Problem:
Return the lines below that contain "through".

Material for the task:
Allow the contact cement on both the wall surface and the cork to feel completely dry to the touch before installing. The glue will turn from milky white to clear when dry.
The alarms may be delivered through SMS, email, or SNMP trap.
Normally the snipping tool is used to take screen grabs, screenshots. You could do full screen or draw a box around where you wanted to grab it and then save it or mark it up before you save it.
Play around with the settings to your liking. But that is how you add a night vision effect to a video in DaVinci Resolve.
...
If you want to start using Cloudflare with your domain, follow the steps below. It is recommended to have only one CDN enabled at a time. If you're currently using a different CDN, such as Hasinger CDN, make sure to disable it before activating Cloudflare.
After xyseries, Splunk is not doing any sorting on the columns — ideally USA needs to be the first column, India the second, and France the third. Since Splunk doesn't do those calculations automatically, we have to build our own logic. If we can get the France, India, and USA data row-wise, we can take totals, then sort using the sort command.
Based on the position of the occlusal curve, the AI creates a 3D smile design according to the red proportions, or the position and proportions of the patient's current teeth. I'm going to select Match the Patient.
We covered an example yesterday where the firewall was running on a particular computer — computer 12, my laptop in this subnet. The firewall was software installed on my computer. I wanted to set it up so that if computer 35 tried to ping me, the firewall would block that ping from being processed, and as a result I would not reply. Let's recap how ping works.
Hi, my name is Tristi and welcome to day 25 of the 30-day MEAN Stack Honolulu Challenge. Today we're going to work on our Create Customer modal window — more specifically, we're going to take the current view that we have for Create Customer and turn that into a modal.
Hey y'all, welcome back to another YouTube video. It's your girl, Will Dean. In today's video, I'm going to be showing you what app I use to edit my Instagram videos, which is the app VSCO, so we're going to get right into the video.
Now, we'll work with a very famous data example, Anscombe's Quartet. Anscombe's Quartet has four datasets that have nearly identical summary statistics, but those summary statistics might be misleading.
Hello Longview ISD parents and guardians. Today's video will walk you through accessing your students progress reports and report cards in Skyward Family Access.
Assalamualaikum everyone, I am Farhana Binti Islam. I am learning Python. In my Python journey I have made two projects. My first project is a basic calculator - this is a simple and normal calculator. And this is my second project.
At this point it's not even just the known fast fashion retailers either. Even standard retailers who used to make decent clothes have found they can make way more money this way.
* * *
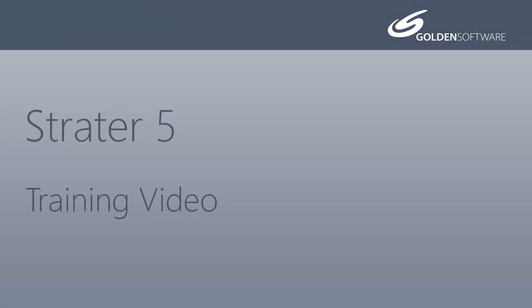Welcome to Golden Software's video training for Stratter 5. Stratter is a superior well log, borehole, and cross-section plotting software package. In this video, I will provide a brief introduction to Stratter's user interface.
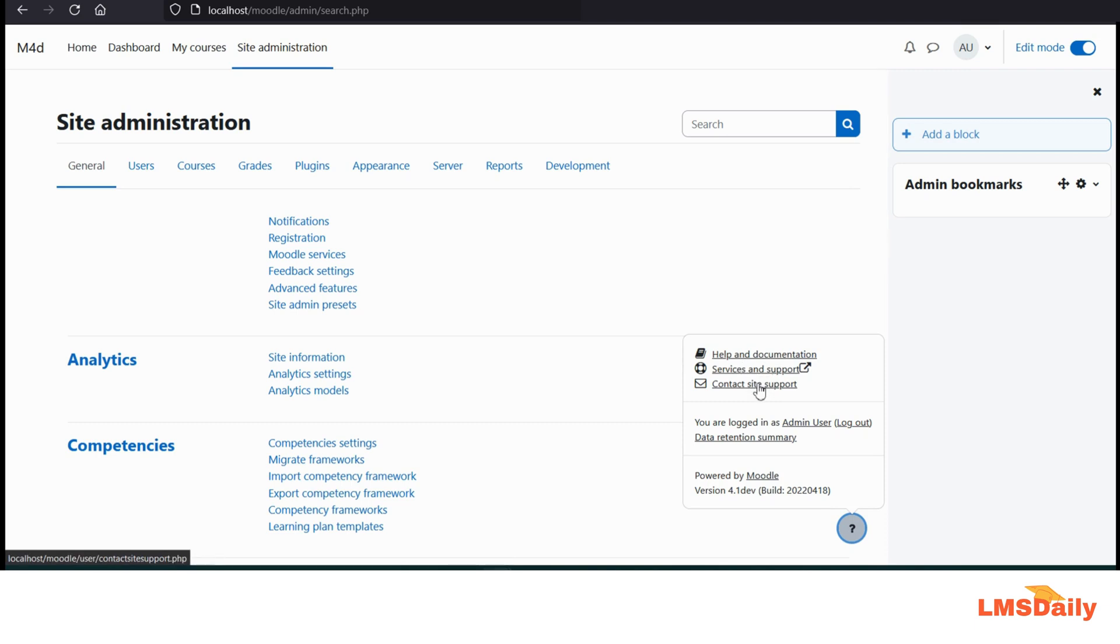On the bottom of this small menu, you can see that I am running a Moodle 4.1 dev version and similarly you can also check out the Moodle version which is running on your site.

The answer:
The alarms may be delivered through SMS, email, or SNMP trap.
Hello Longview ISD parents and guardians. Today's video will walk you through accessing your students progress reports and report cards in Skyward Family Access.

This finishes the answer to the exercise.